Problem to solve ▸
Copy the data that follows exactly, and include none of its images.

Dataset excerpt ▸
◆ ◆ ◆

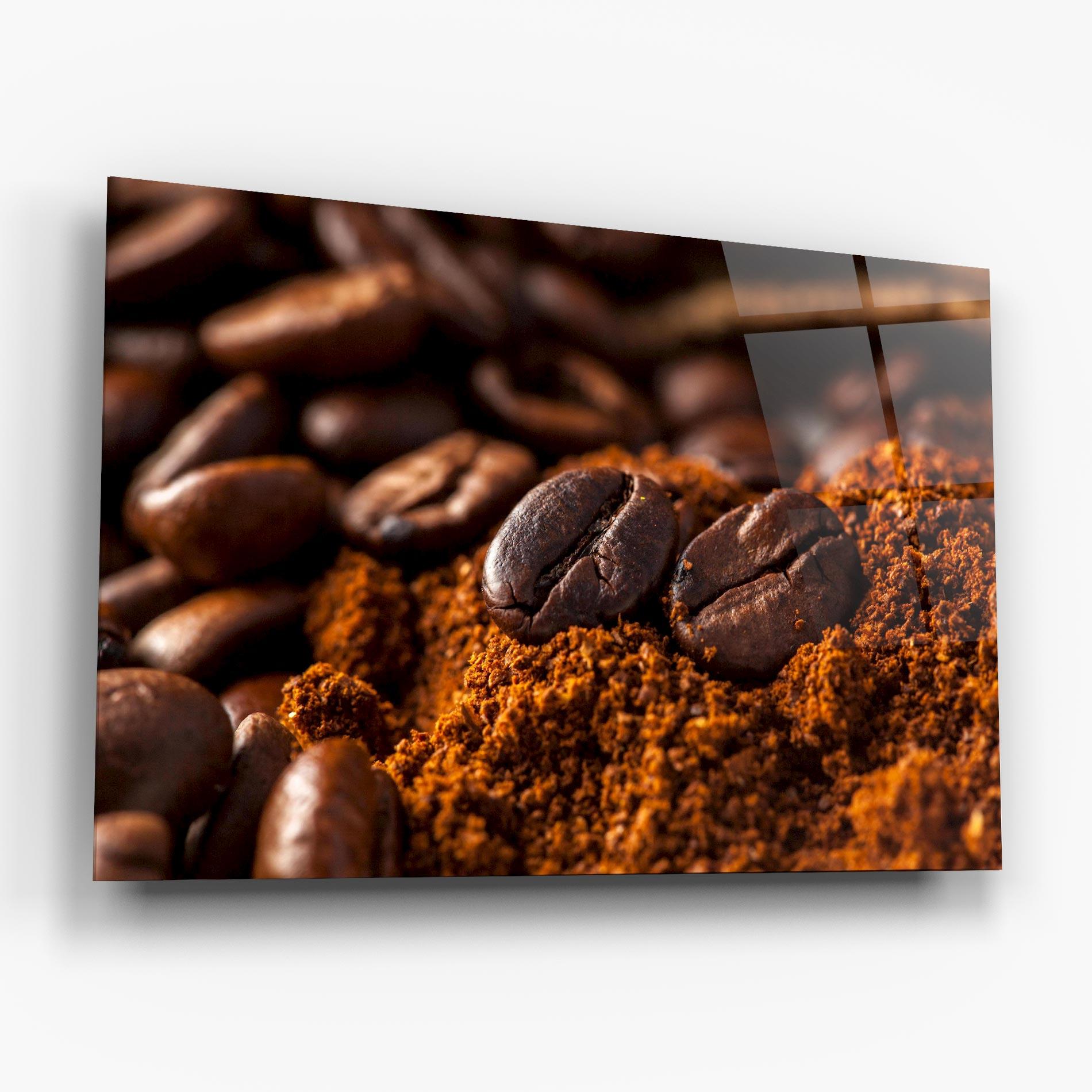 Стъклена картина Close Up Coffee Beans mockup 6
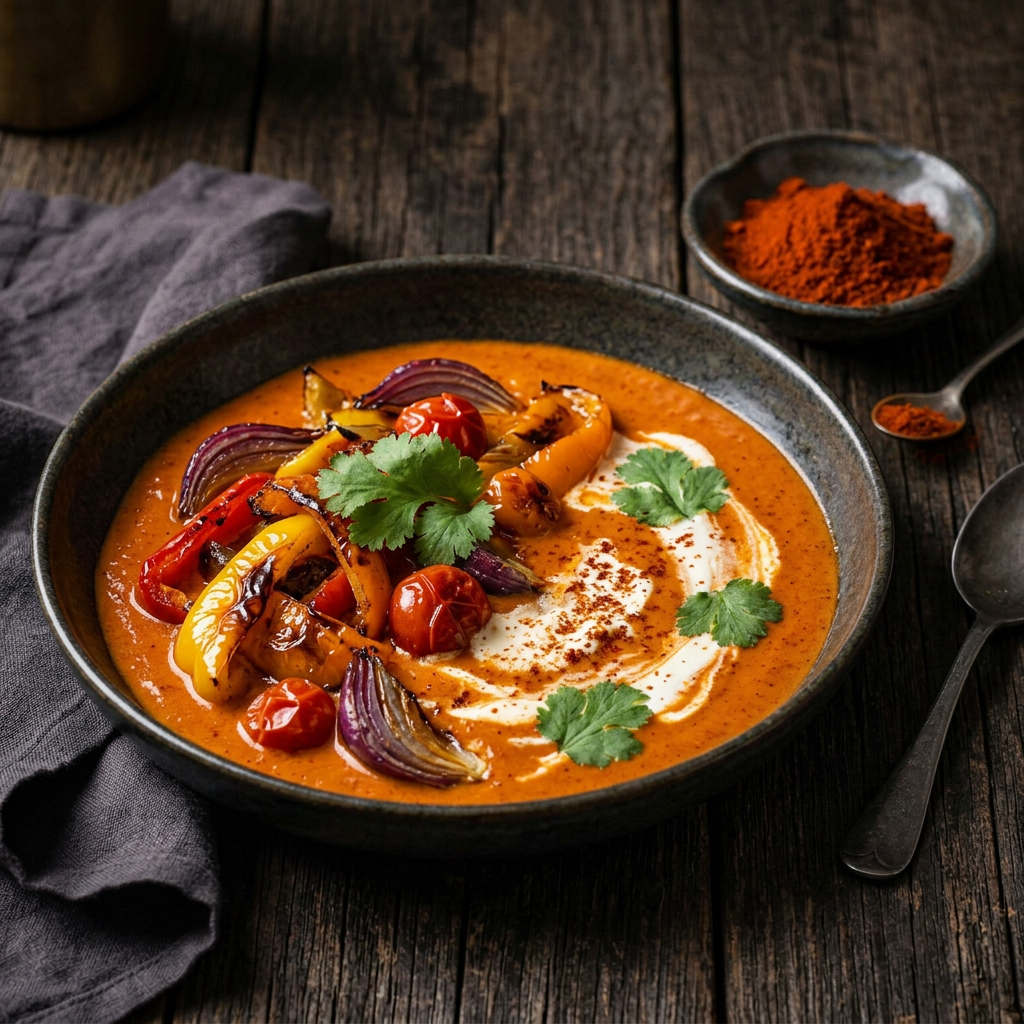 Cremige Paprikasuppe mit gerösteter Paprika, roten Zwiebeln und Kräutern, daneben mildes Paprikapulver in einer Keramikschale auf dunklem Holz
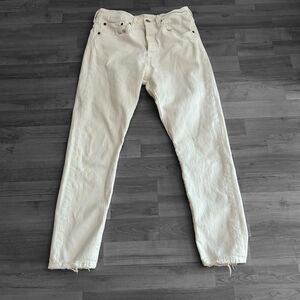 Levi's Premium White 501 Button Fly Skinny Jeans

◆ ◆ ◆

Reply ▸
 Стъклена картина Close Up Coffee Beans mockup 6
 Cremige Paprikasuppe mit gerösteter Paprika, roten Zwiebeln und Kräutern, daneben mildes Paprikapulver in einer Keramikschale auf dunklem Holz
 Levi's Premium White 501 Button Fly Skinny Jeans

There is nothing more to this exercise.